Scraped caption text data
▼▼▼
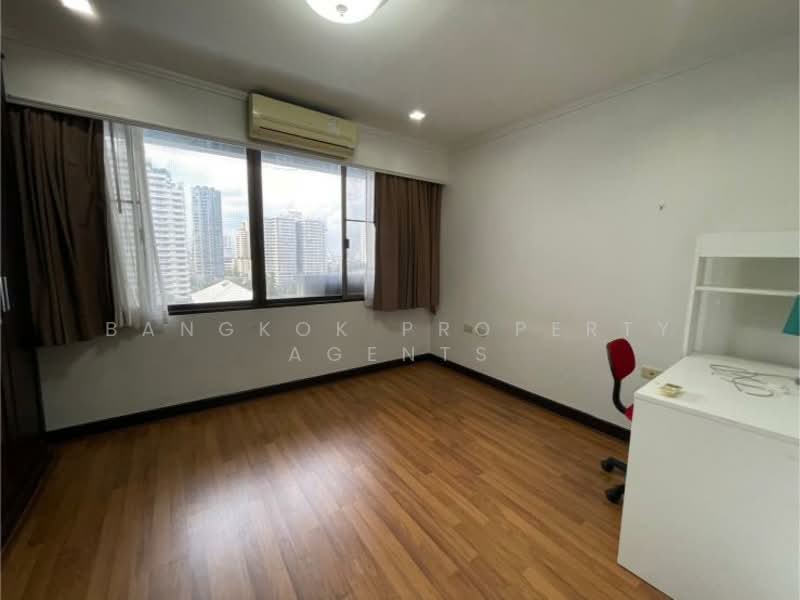 Acadamia Grand Tower : อคาเดเมีย แกรนด์ ทาวเวอร์, กรุงเทพ, ซอย สุขุมวิท 43, คลองตันเหนือ, วัฒนา, กรุงเทพ, 150 ตร.ม., คอนโด ให้เช่า, โดย BANGKOK PROPERTY AGENTS, 500320174 - DDproperty.com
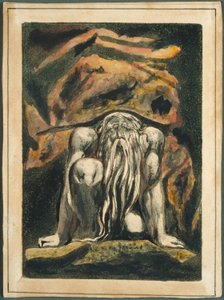 うりぜん 作： William Blake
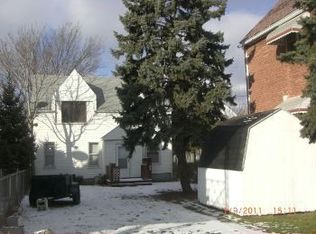 1969 Belmont St, Hamtramck, MI 48212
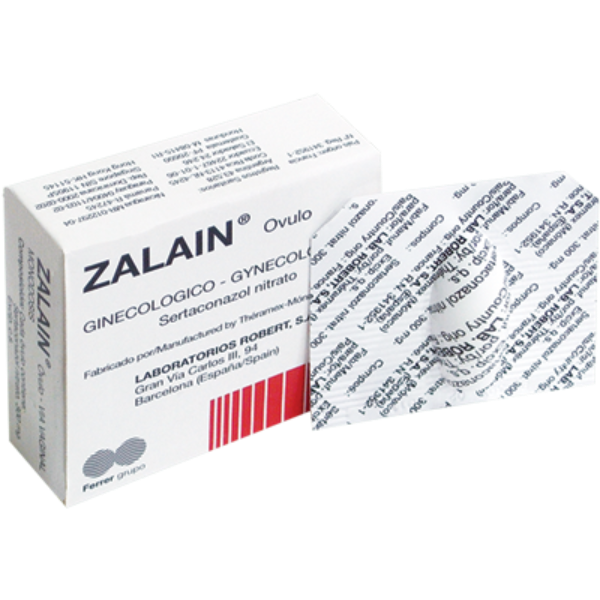 ZALAIN OVULOS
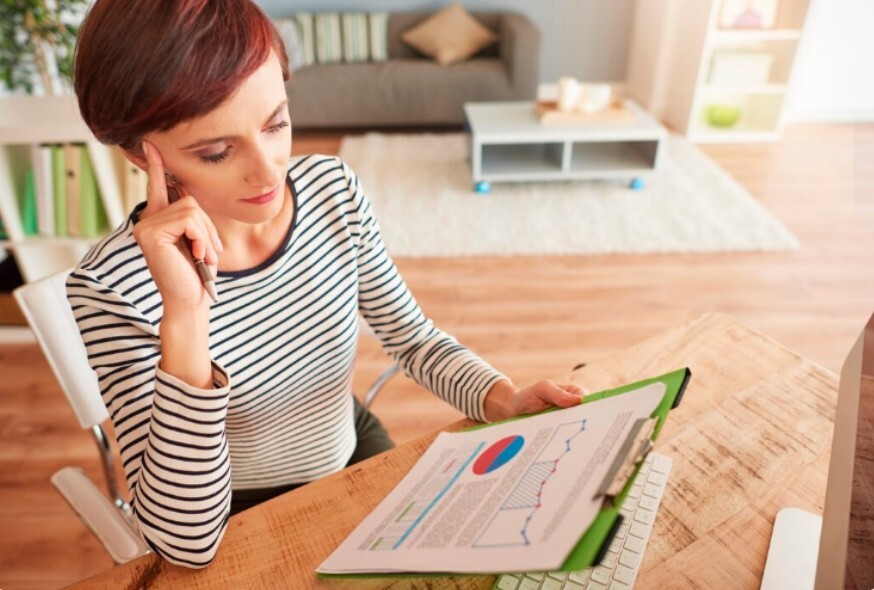 Control financiero 2026 con presupuesto de tesorería estratégico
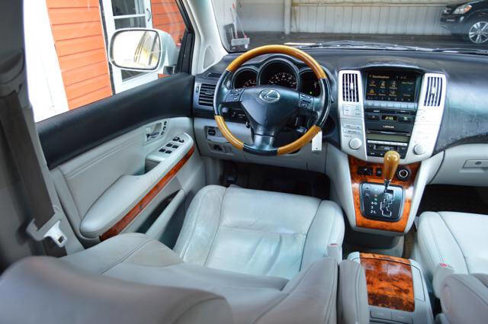 Used 2007 Lexus RX 350 AWD image 53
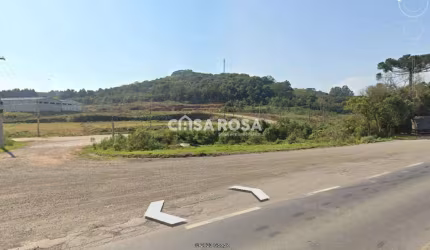 Terreno à venda na Bela Vista, Farroupilha  por R$ 1.100.715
▲▲▲
Directions
Please write out the lines above, beginning at the line with "うりぜん 作： William Blake" and ending at the last line of the records, exactly as they appear and without pictures.

Result for this exercise
 うりぜん 作： William Blake
 1969 Belmont St, Hamtramck, MI 48212
 ZALAIN OVULOS
 Control financiero 2026 con presupuesto de tesorería estratégico
 Used 2007 Lexus RX 350 AWD image 53
 Terreno à venda na Bela Vista, Farroupilha  por R$ 1.100.715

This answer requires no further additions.